VENEZIA - Bollini rossi sui portoni per marchiare i palazzi che svolgono attività turistica. Il simbolo è quello di AirBnB rovesciato e trasformato in un cappio all'interno di un Qr Code. E' l'ultima provocazione veneziana: ignoti attivisti hanno marchiato così le residenze turistiche e il Qr code rimanda al sito: stopbnb.com. L'iniziativa ha sollevato numerose critiche, soprattutto per l'idea del marchio. E la questione divide i Veneziani. Chi ha bollato i palazzi vuole rimanere nell'anonimato. Dicono di essere ragazzi e ragazze che amano Venezia e stanno tentando di salvarla dal turismo di massa e dalla svendita della città. Vorrebbero poterla vivere Venezia, vorrebbero ricreare il tessuto sociale di un tempo, ed evitare che diventi una città Disneyland, costituita di soli turisti e servizi per il turismo. A Venezia le sole e poche opportunità lavorative per i giovani sono legate solo al terzo settore. Gli alloggi, tutti dichiarati, li hanno trovati nel geoportale del Comune.

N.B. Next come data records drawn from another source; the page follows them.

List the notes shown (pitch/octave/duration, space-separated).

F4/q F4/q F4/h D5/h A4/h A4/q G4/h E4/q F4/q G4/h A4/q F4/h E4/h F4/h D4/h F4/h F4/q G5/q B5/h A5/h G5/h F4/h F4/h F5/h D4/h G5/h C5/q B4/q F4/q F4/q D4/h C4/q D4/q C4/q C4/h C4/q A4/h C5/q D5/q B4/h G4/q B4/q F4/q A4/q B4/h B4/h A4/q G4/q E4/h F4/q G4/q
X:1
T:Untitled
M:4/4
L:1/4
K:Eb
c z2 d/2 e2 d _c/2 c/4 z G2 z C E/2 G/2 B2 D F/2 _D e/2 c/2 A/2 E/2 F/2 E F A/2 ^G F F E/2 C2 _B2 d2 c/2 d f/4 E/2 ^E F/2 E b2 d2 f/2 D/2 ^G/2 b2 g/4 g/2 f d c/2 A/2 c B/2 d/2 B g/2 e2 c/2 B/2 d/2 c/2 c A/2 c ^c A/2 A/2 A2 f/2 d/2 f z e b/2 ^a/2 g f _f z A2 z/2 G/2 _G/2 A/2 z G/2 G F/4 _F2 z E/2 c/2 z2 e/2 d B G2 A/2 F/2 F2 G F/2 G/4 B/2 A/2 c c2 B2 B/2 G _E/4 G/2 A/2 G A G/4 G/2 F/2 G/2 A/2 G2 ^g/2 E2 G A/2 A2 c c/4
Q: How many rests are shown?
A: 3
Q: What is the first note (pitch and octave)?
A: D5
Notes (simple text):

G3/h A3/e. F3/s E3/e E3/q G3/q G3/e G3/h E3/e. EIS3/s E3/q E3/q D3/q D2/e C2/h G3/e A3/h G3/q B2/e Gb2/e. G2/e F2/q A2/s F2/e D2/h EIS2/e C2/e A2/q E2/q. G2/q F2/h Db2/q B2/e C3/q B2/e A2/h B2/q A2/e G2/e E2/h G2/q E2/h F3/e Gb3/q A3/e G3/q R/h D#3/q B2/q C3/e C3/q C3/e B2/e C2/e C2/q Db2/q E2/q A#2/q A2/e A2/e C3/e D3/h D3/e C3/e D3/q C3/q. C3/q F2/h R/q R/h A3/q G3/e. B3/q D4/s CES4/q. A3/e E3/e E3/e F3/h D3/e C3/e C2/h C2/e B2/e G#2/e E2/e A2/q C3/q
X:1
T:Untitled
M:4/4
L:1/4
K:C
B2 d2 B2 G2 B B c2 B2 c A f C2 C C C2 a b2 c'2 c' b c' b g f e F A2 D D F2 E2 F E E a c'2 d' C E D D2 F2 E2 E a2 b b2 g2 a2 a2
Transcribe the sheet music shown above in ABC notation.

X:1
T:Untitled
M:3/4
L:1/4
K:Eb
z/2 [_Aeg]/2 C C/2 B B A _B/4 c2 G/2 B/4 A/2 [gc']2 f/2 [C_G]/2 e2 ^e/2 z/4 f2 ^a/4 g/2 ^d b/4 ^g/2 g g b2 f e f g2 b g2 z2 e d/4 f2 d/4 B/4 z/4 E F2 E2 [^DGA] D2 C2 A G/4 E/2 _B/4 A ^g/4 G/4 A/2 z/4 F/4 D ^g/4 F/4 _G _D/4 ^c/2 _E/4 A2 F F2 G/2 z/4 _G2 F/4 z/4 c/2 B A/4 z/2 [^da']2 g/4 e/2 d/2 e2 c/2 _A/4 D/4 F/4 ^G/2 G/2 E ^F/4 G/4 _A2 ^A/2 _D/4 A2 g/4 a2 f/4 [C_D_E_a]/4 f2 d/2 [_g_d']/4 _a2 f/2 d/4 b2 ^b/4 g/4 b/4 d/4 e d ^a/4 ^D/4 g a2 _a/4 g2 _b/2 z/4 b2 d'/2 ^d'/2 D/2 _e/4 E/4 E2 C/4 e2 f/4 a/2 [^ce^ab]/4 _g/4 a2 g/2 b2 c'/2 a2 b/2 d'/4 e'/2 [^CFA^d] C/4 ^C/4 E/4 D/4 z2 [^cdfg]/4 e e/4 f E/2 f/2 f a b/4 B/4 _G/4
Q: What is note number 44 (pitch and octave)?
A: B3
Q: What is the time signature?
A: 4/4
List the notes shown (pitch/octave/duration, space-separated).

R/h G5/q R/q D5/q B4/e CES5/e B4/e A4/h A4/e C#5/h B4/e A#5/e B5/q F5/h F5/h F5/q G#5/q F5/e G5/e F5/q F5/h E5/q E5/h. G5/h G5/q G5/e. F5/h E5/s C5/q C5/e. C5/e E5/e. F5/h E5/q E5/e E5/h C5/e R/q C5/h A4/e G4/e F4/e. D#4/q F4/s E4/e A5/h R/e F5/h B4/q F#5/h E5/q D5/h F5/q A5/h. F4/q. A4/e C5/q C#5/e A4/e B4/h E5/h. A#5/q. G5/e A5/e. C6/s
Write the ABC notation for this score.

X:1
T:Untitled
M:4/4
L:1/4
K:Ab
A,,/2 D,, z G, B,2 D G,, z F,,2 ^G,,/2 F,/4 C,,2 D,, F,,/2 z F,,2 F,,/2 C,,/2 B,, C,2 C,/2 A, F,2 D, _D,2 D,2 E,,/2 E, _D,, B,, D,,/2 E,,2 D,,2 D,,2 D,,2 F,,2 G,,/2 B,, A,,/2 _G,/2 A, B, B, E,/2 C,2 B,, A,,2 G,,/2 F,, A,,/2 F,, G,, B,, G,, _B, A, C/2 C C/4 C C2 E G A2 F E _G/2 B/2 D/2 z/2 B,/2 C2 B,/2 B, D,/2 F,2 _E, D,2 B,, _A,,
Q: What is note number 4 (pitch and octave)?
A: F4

All'assessore al turismo Paola Mar l'idea non è piaciuta affatto: "Il geoportale serve a segnalare le attività di ricezione abusive, non quelle regolarmente dichiarate. A breve arriveranno le targhette con i codici identificativi previsti dalla legge regionale". Resta il fatto che il problema esiste, che ci sono troppe realtà turistiche a fronte di sempre meno cittadini veneziani, e per questa distorsione del mercato è necessaria una legge nazionale. Inoltre il problema più grande riguarda appunto le realtà abusive, che a Venezia sono tantissime. Per il presidente di Agata, associazione che riunisce le agenzie che trattano le affittanze turistiche, questi adesivi sono da denuncia. "Anch'io come agenzia preferirei affittare le case ai veneziani. Ma i proprietari non si fidano, le leggi non li tutelano. Andrebbero cambiate", afferma Marco Macatrozzo. E nel frattempo il problema rimane senza soluzione, la città viene presa d'assalto e i veneziani piano piano scompaiono.